French archaeologist and soldier (1805–1863)

Michel Auguste Martin Agénor Azéma de Montgravier (28 October 1805, in Béziers – 14 September 1863, in Montpellier) was a French archaeologist and soldier.

==Career==
He was one of the most distinguished students at the École Polytechnique from 1825 to 1828, then started his military career in the artillery. Promoted to lieutenant in 1831, captain in 1837 and then Chef d'escadron (Major or Commandant) in 1850, he completed his military career as deputy director of the Ecole d'Artillerie de Montpellier, to which he was appointed in 1859.

Montgravier spent three periods in Algeria, from 1832 to 1834, from 1839 to 1845, and finally from 1846 to 1851. In the first two periods he acted as Officer for Arab affairs, and in the third period he started as assistant officer in the Oran bureau, becoming chief officer in 1849 and then moving on in 1850 to the advisory committee on Algeria at the Ministry of War.

==Archaeology==
He was passionate about antiques, and was one of the pioneers of Roman Archaeology in North Africa. In 1840, he was the first to identify Cherchell as the ancient Caesarea, the capital of Mauretania. He was an active member of the Société Historique Algérienne, and copied and published many ancient stone inscriptions discovered during his missions.

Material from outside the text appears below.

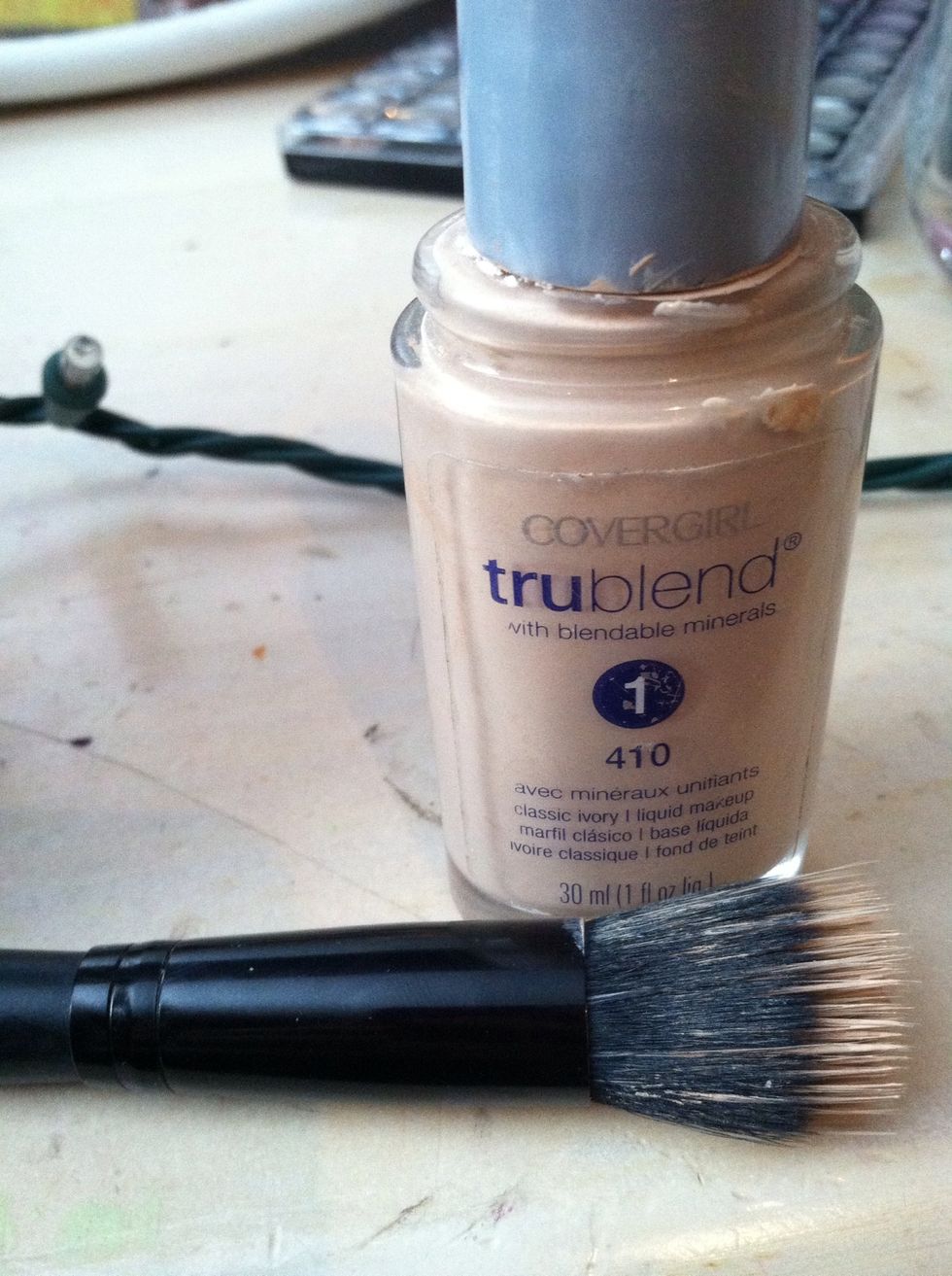Using a stippling brush and liquid foundation, apply a thin layer across your whole face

His contribution to North African Archaeology led to him being elected corresponding member of the Académie des Inscriptions et Belles-Lettres on 27 December 1850.

At the end of his life, he carried out excavations at the Roman ruins of Murviel-les-Montpellier on behalf of the Commission de la Carte des Gaules.

He was decorated with the Legion of Honour on 14 April 1844, and was created officer of the same order in 1862.

== Publications ==
- Lettre sur les inscriptions trouvées à Orléansville et à Tenez (1843)
- Observations sur les antiquités romaines de la province d'Oran et en particulier sur les ruines de Tiaret (1843)
- Les Tumulus de Lachdar, province d'Oran (1844)
- Études historiques pour servir au projet de colonisation d'une partie du territoire de la province d'Oran (1846)
- Excursions archéologiques d’Oran à Tlemcen (1847)
- Mémoire sur l’occupation de la Mauritanie par les Romains (couronné par la 1^{re} médaille au concours de 1848 à l'Académie des Inscriptions)
- Deux lettres au Président de la République (1849–1850)
- Les Deux Paris ou 1848 et 1858. Chant lyrique (1858)
- Murviel. Ruines d'un "oppidum" des Volces arécomiques (1863) en collaboration avec Adolphe Ricard
- Notice biographique sur M^{me} de Tencin (s.d.).